> [Instructions for the task] Skipping all pictures, print exactly the lines below from the one with "Save The Date" through the final line.

[Captioned web image data]
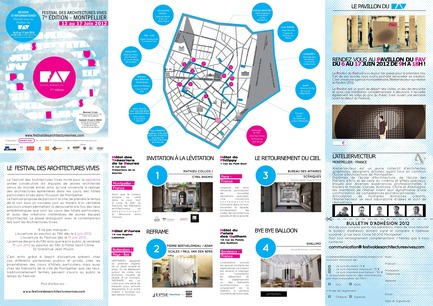 Press kit | 982-02 - Press release | Opening of the Festival of Lively Architecture 2012 Tuesday, June 12 - 6:30 p.m. - Association Champ Libre - Festival des Architectures Vives (FAV) - Event + Exhibition - Programmation du FAV - Photo credit: FAV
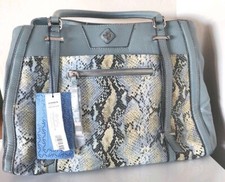 SALE NEW with tag SIMPLY VERA WANG sage green snake SATCHEL faux leather PURSE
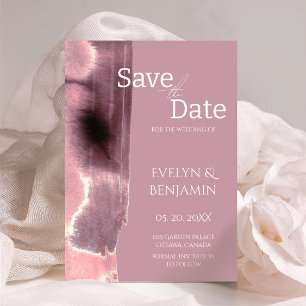 Save The Date Moderne, minimaliste, Simple, Dusty Rose Mauve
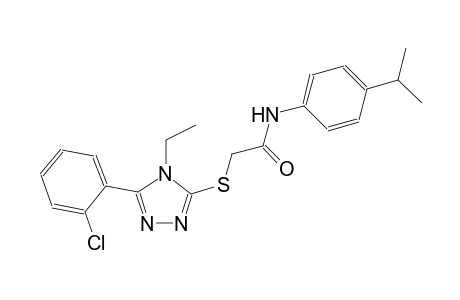2-{[5-(2-chlorophenyl)-4-ethyl-4H-1,2,4-triazol-3-yl]sulfanyl}-N-(4-isopropylphenyl)acetamide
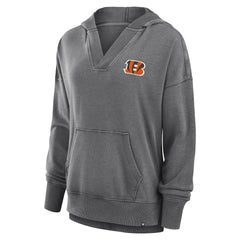 Women's Initiative Snow Wash French Terry V-Neck Pullover Hoodie - Cincinnati Bengals Hoodies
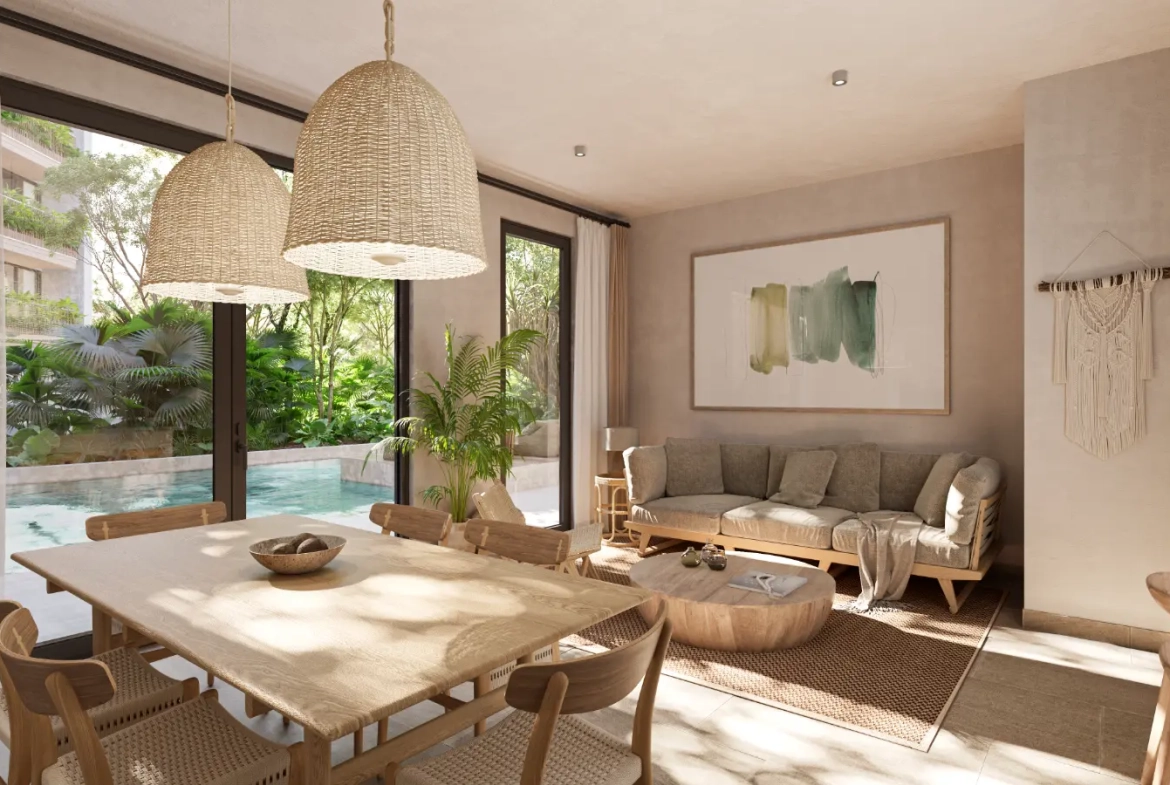 ID Ansaya at Aldea One Bedroom Apartment for Sale in Downtown Punta Cana with Sundeck ()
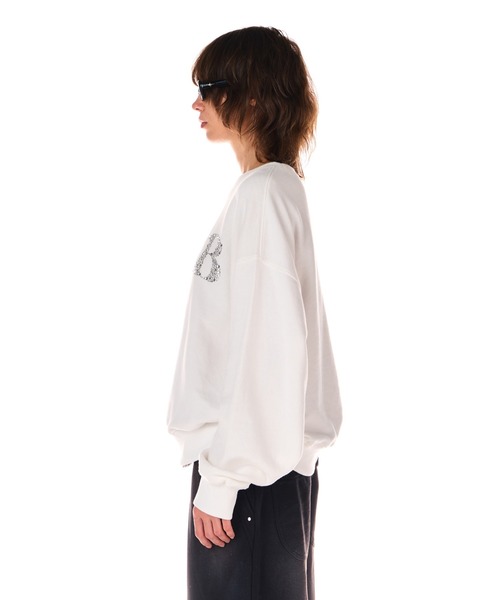 BEEDEN(ビーデン)の「RHINESTONE LOGO PARKER(スウェット・レディース・ブラック/ホワイト・FREE)」の4枚目の写真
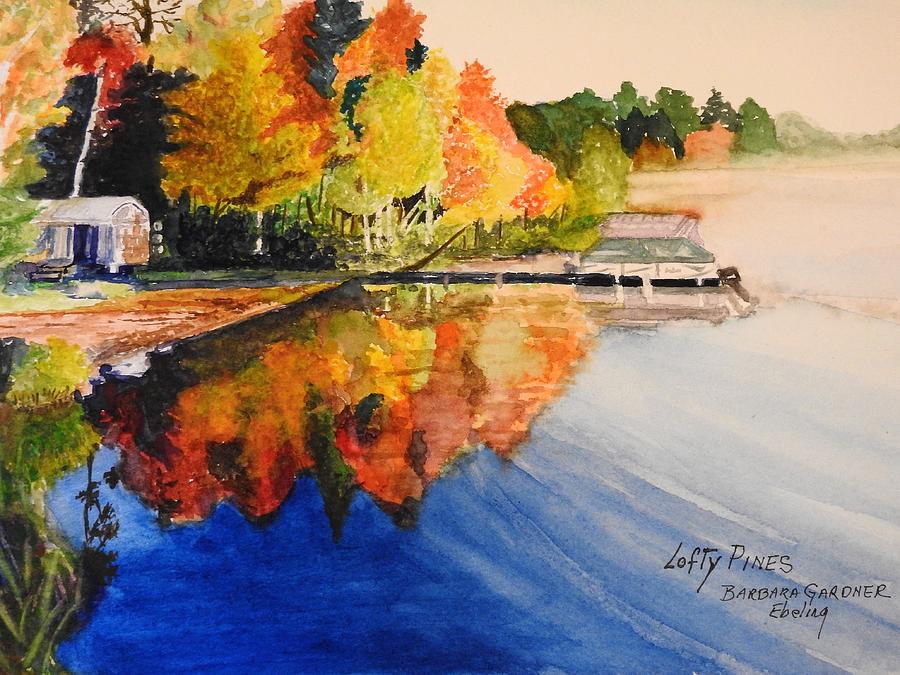 Big St. Germain Lake Painting by Barbara Ebeling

> [Your response]
 Save The Date Moderne, minimaliste, Simple, Dusty Rose Mauve
2-{[5-(2-chlorophenyl)-4-ethyl-4H-1,2,4-triazol-3-yl]sulfanyl}-N-(4-isopropylphenyl)acetamide
 Women's Initiative Snow Wash French Terry V-Neck Pullover Hoodie - Cincinnati Bengals Hoodies
 ID Ansaya at Aldea One Bedroom Apartment for Sale in Downtown Punta Cana with Sundeck ()
 BEEDEN(ビーデン)の「RHINESTONE LOGO PARKER(スウェット・レディース・ブラック/ホワイト・FREE)」の4枚目の写真
 Big St. Germain Lake Painting by Barbara Ebeling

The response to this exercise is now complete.